J’Nai Bridges as Carmen, Lyric Opera of Chicago, March, 2023

My opera spectator-partner says that the staging of Carmen (6) we are seeing has been ‘updated.’ Where are all the strutting supernumeraries, she asks. Even Escamillo, the bombastic toreador sneaks on stage without benefit of the throng. The crowd is there for sure but more as a backdrop for the shenanigans than a Greek chorus. This version turns the spotlight on the characters and their internal missions which go awry.

Carmen is a home wrecker without a home. Repeat: she is a Roma. Jose, the male ‘victim’ ensnared by Carmen’s desires and his own, carries the social baggage. He is the social victim to Carmen’s passionate conspiracy, the bird cage to Carmen’s warbling. And of course, there are revolutionaries and jails.

There always are.

There is a ceremonial animal slaughter, complete with capes and mantillas. Remember, we are in Spain. But the bullfight nod doesn’t compare to Carmen’s fitful diatribes on family mythology. Here is where, metaphorically, Bizet put the knife in Jose’s hands. In Act 1, Carmen does the cutting and is thrown into Jose’s dominion, aka jail. In Act IV, Jose does the stabbing and throws a dying Carmen into his arms.

The Corrida roars.

The family sub-plot comes from off-stage, a distant, relentless clarion. There is Micaela, there is Micaela’s mom, there is a family to sustain, to support, to provide for. There is the “when are you going to settle down” whispers at work in Jose’s head.
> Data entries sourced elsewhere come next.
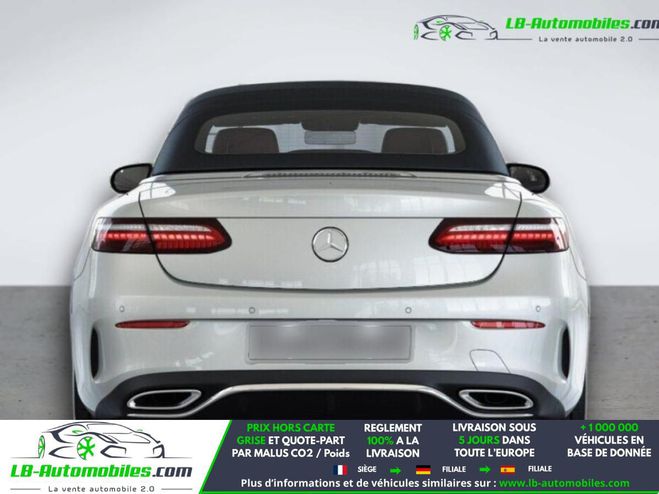 Mercedes Classe E 200 BVA Blanc M�tallique de 2022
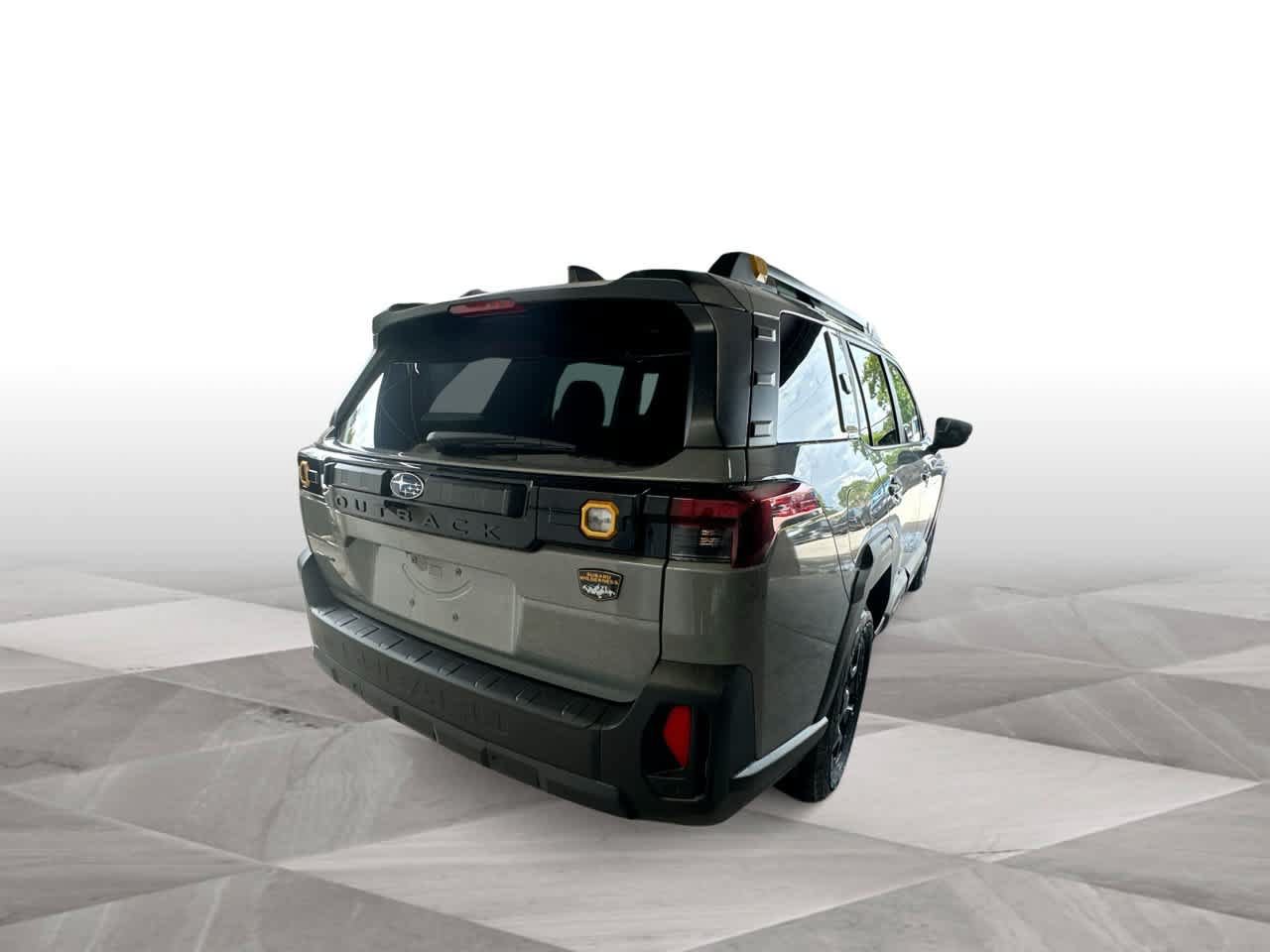 New 2026 Subaru Outback Wilderness AWD/4WD image 8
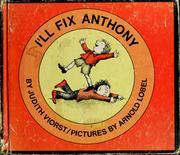 I'll fix Anthony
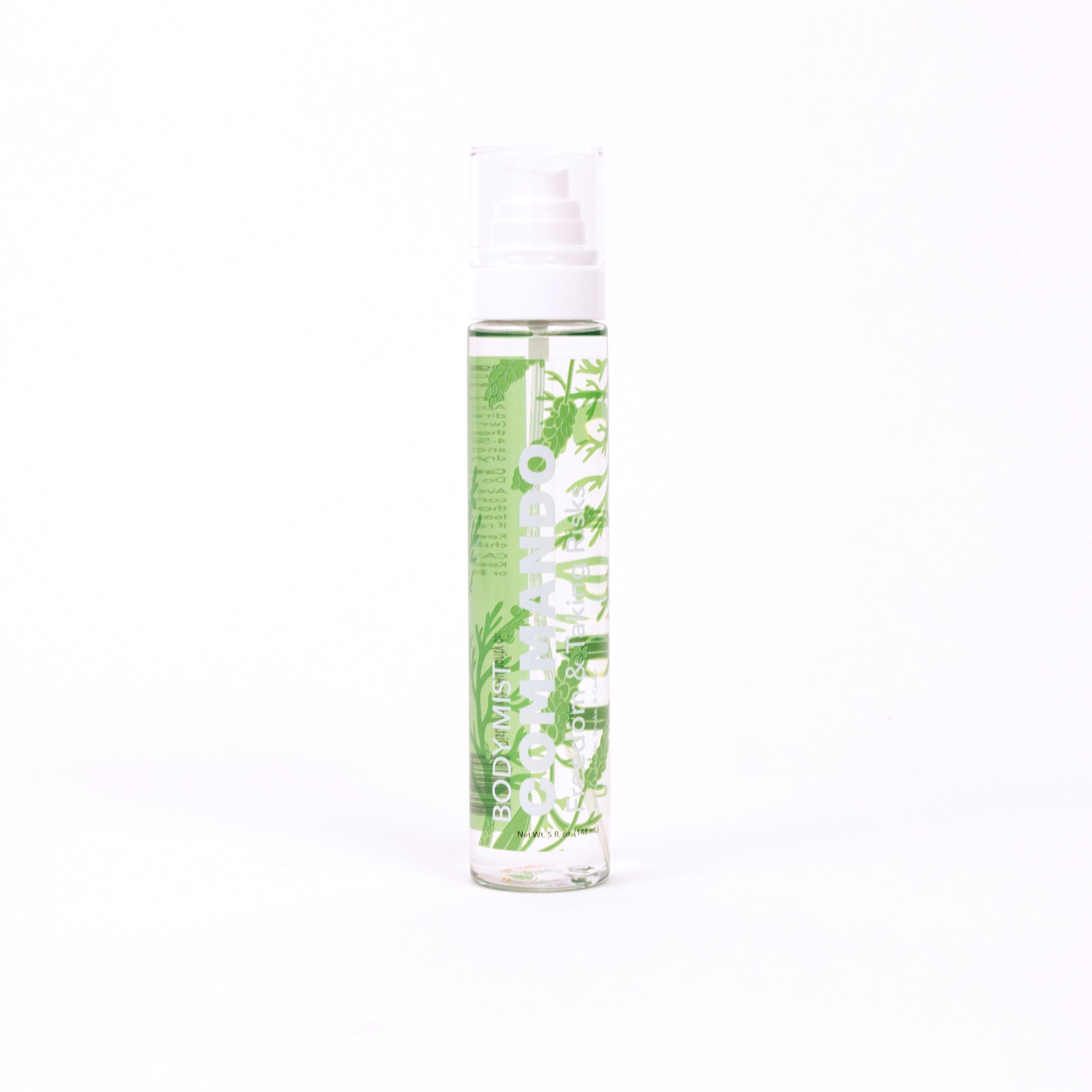 Commando Body Mist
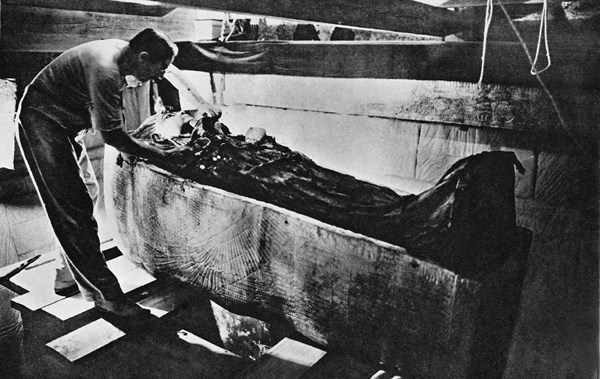 Howard Carter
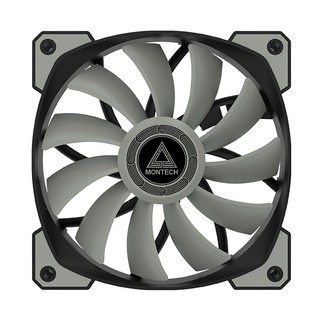 【MONTECH】AIR FAN P120 PWM 風扇(2入)
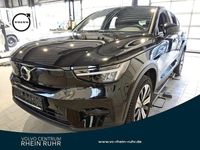 Gebraucht Volvo C40 Plus 169 kW (231 PS) 2023 Schwarz onyx black / metallic SUV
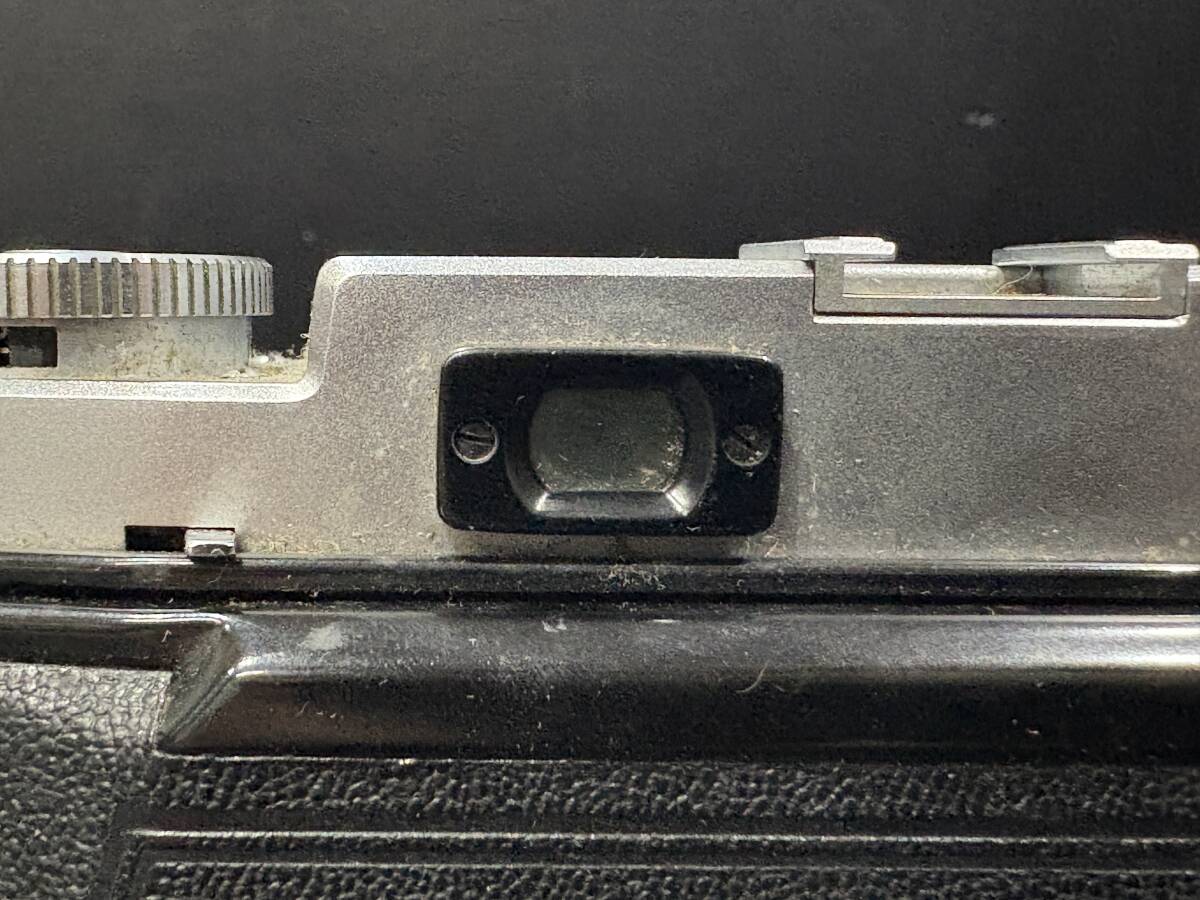 Mamiya マミヤ MAMIYA-6 蛇腹カメラ Olympus オリンパス D.Zuiko F.C 1:3.5 F3.5 7.5cm フィルムカメラ 動(dòng)作未確認(rèn) 現(xiàn)狀品 BI011060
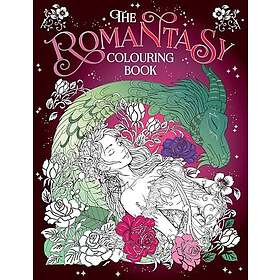 The Romantasy Colouring Book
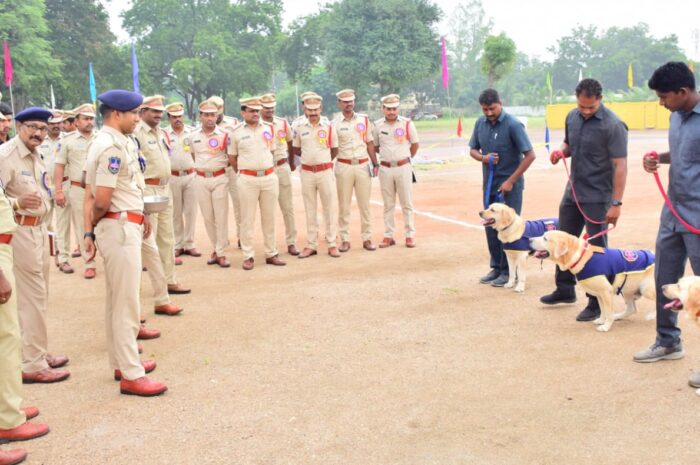 Police duty meet: పోలీస్ డ్యూటీ మీట్‌ను సద్వినియోగం చేసుకోండి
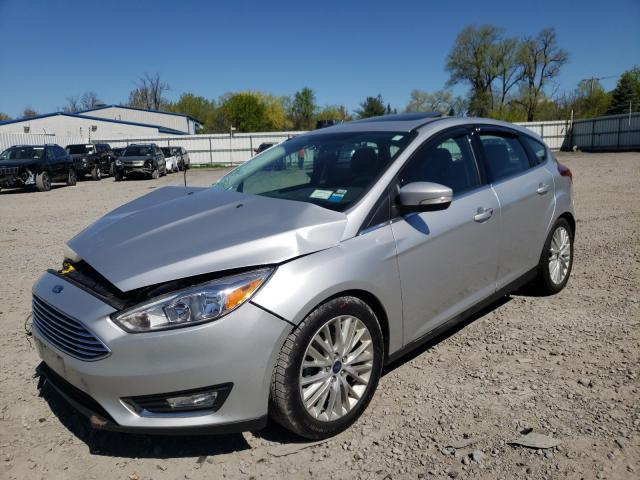 Photo 1 VIN: 1FADP3N28JL214023 - FORD FOCUS 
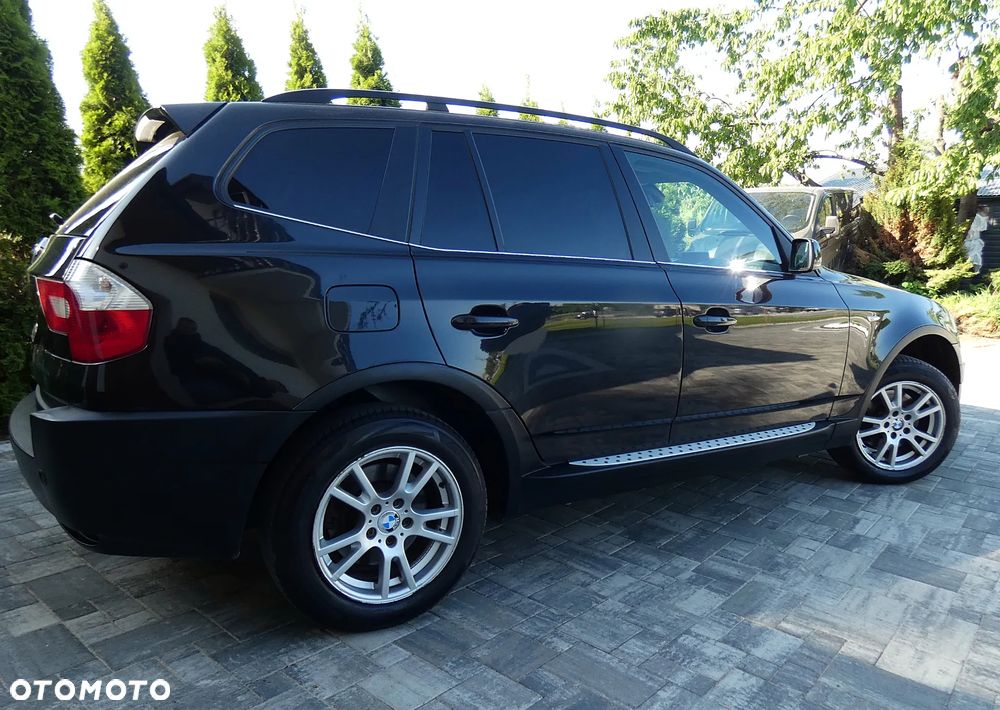 BMW X3 2.5i - 17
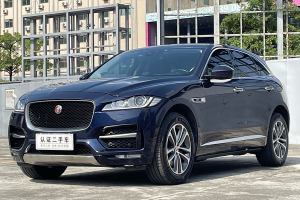 F-PACE 捷豹 3.0 SC 四驅(qū)R-Sport運動版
There is also dominion and jealousy, which Carmen convincingly reminds the audience.

Yep. Bizet’s ‘updated’ ditty rides on male anxiety and suppression.

Holly Golightly: the myth of self-worth

Fast forward to Manhattan in the fifties. Consider Holly Golightly, the protagonist in Breakfast at Tiffany’s, as a latter-day Roma.

‘Holly Golightly’ is not her real name. Neither does her partner in crime have a real name. Holly knights him “Fred,” because he reminds her of her brother.

Okaaaay.

We’re off to the races, literally. Holly is a survivor, so-to-speak, trying to maneuver Manhattan’s ‘romantic’ expressways. Like Carmen’s factory break, Holly interrupts the pace with a dawn visit to Tiffany’s, where couples, rich couples, go to sample diamond rings and claim marital commitment. Looking impeccable after a night “on the town,” she samples a croissant, balancing a paper coffee cup, a paper bag, and a set of elbow length black gloves. Just so the audience doesn’t forget their partnership, “Fred,” accompanies “Holly” in a later visit to Tiffany’s. They go inside to get a Cracker Jack box prize ring engraved.

Roma all the way.

The audience asks, how does she/they survive? Alas, we are taught in “Breakfast,” what a cold and insensitive — really stupid — question that is. Because Holly is in a chase, not in escaping the creditors/cops kind of chase, but in a chase for her self-worth.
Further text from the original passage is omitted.